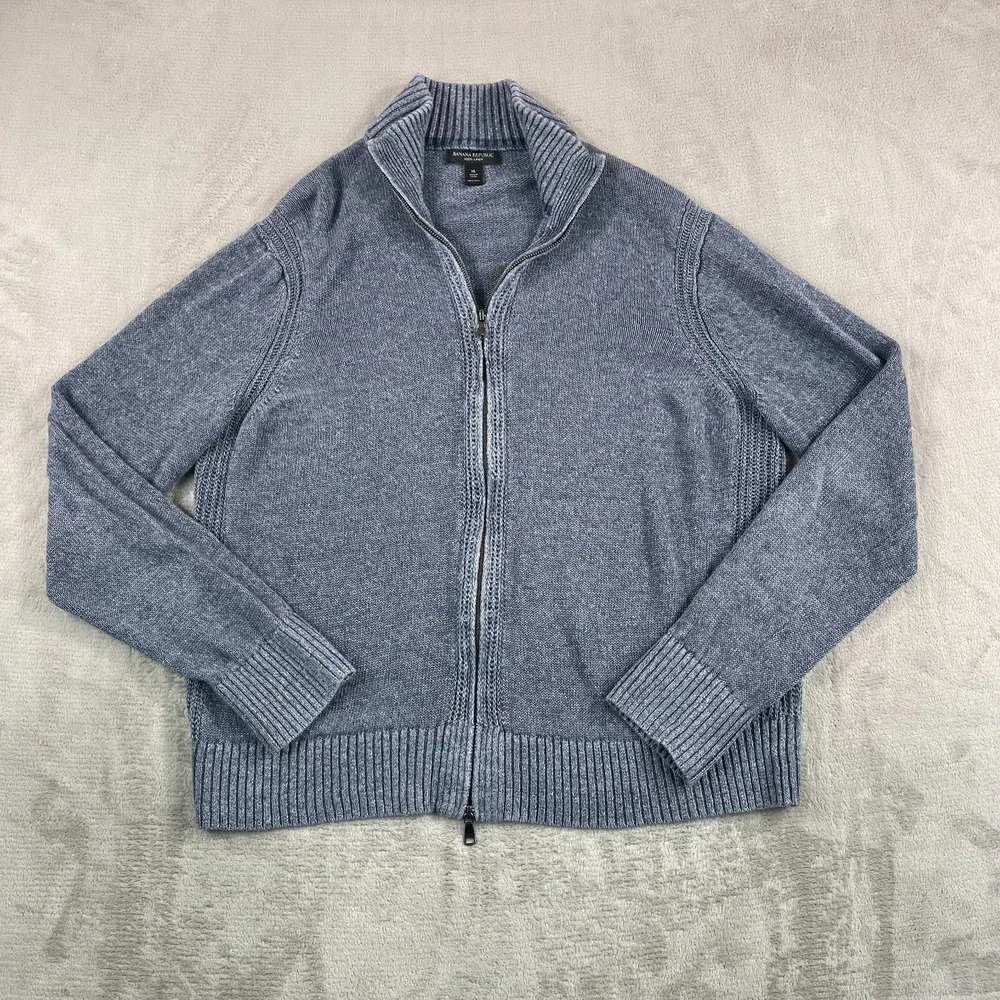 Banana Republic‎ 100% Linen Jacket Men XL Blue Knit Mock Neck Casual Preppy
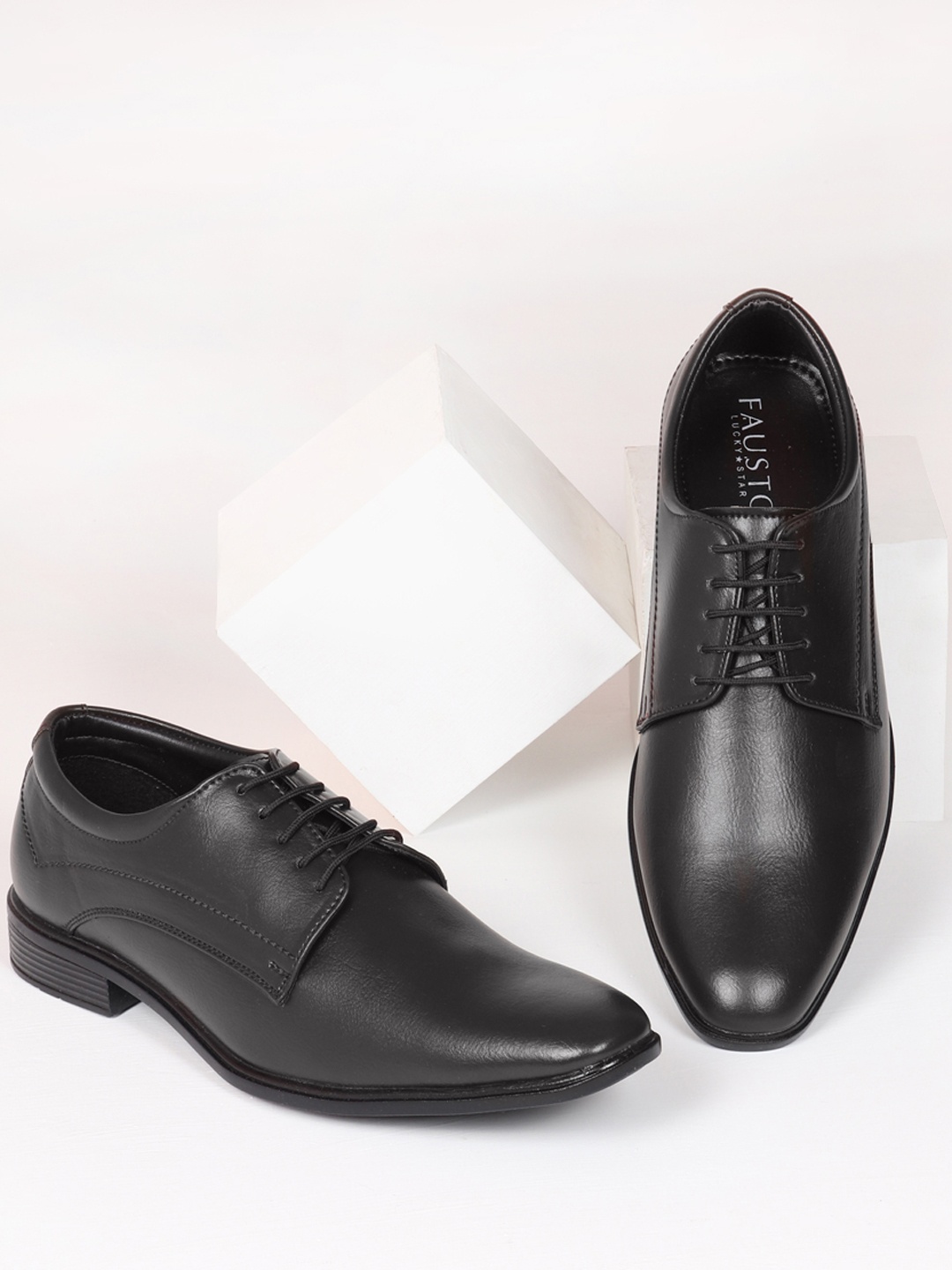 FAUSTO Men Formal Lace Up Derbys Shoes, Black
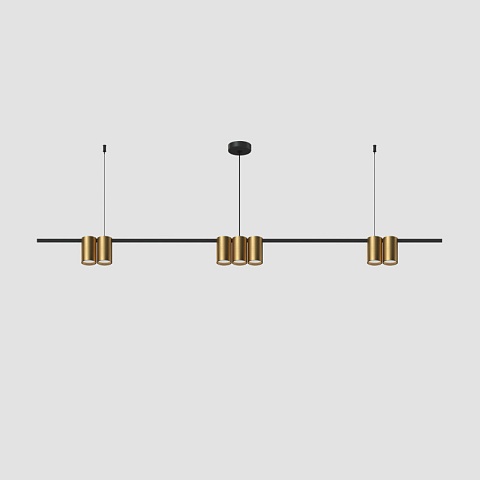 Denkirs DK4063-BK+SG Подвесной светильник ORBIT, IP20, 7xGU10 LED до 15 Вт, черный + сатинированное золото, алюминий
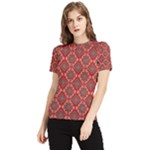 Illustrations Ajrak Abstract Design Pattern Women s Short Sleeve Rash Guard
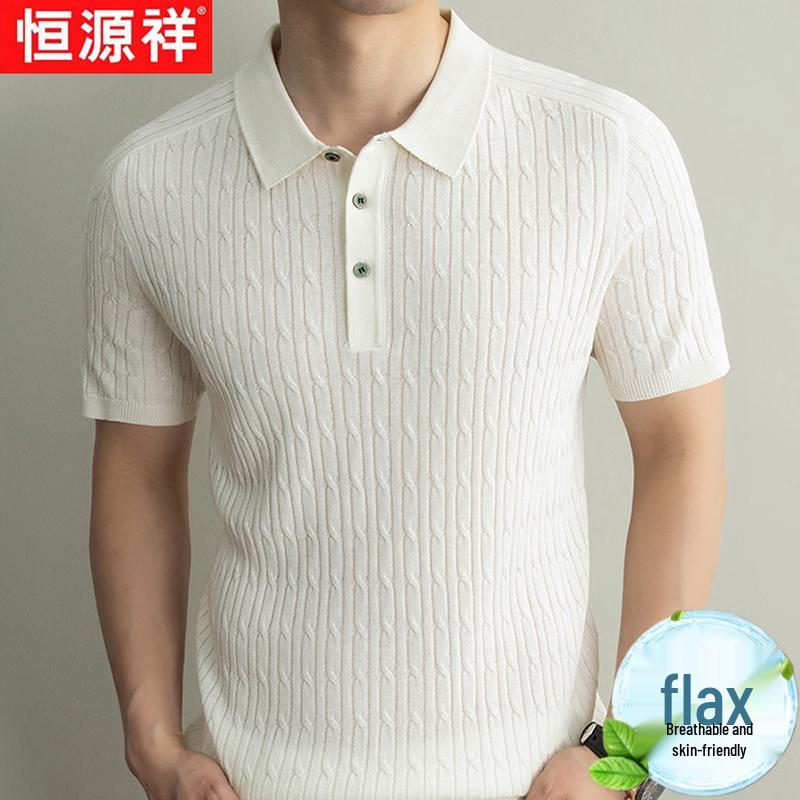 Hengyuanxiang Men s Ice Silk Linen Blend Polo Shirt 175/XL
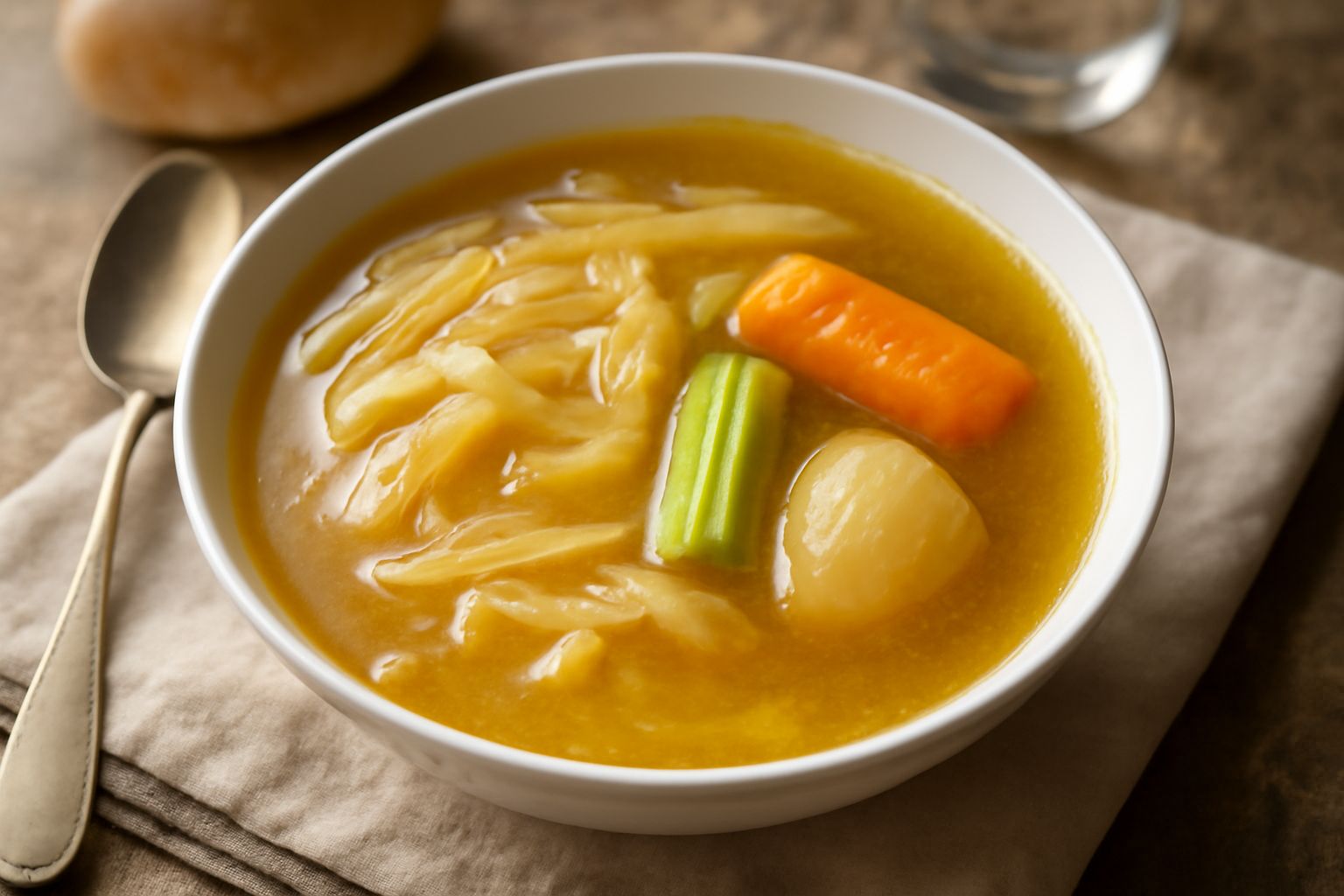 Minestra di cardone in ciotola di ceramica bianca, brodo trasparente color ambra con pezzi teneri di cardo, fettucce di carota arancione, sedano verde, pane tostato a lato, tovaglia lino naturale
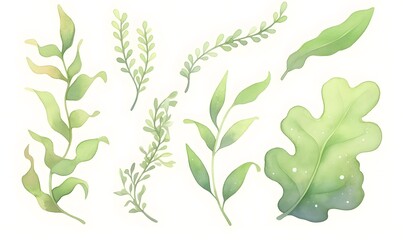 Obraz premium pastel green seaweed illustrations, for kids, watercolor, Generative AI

- **Exercise details**: Please transcribe exactly the part of the records that opens with the line containing "Denkirs DK4063-BK+SG Подвесной" and closes with the line containing "Hengyuanxiang Men s", both ends included, and leave out the pictures.

- **Answer to this task**:
 Denkirs DK4063-BK+SG Подвесной светильник ORBIT, IP20, 7xGU10 LED до 15 Вт, черный + сатинированное золото, алюминий
 Illustrations Ajrak Abstract Design Pattern Women s Short Sleeve Rash Guard
 Hengyuanxiang Men s Ice Silk Linen Blend Polo Shirt 175/XL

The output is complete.